Artur Radvanský: Holocaust Survivor
Artur survived six years in six concentration camps: Buchenwald, Ravensbrück, Sachsenhausen, Auschwitz, Mauthausen and Ebensee. He survived where his twenty six relatives did not—his entire family were killed in Majdanek, Treblinka and Auschwitz.
Artur’s most terrible experiences would be at the special camp in Buchenwald. The special camp at Buchenwald was a tent city next to the actual concentration camp. The prisoners slept on four story bunk beds, two to a bunk, without straw or blankets. Hygiene was difficult to maintain. Although outside there was a sink with water, in the sub-zero weather the pipes remained frozen. Artur was unaware at the time that the two letters on his father’s and his papers, RU, stood for “Undesirable.” He explains to Radio Prague, “This meant in effect that we were condemned to death.”
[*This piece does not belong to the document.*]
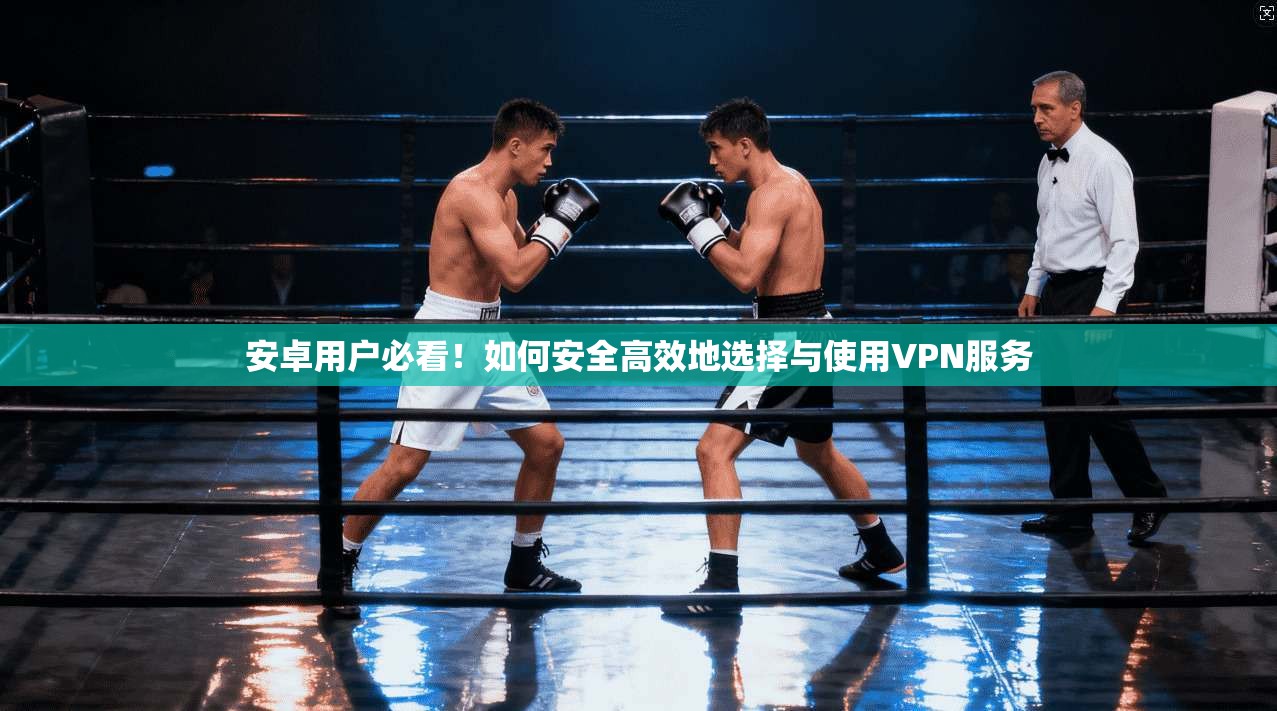 安卓用户必看!如何安全高效地选择与使用VPN服务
When prominent diseases in the camp threatened to spread to the nearby town of Weimar, the camp was disbanded. In October 1942, Artur was deported to Auschwitz. At the entrance to Auschwitz, the camp doctor pulled Artur aside, asking, “What do you do as a profession?” Artur replied, “I have rausgeschossen:’ student of the Medicine! Charles University in Prague, two semesters.” When in fact, at the time of his arrest in Czechoslovakia, he had not completed high school. The camp doctor pulled him aside and he became his “support paramedic.” Artur explains his lie to Radio Prague: “I was already in Buchenwald, Ravensbrück, Sachsenhausen. [I had] the idea that the comrades who have worked in the camp hospital, had better conditions; they worked in the heat, are not in contact with SS-men, had easier work, and had did not take roll call.”
Inside the SS hospital in Auschwitz, Artur was told about the gassings. The SS hospital had a pharmacy, inside there was Zyklon B. It was here Artur meet Dr. Josef Mengele, otherwise known as the “Angel of Death,” he performed horrible experiments on concentration camp inmates. He describes his interaction with the infamous doctor to Radio Prague: “And then I met with Dr. Mengele:” Artur, please make me a bath! Arthur, please do me a massage, Artur, please make my clothes, my boots clean—always with a ‘please’ and ‘you’! I never heard [him] curse or yell…[yet] he has sent thousands and thousands of people to their deaths…I was a part of his life, somehow.”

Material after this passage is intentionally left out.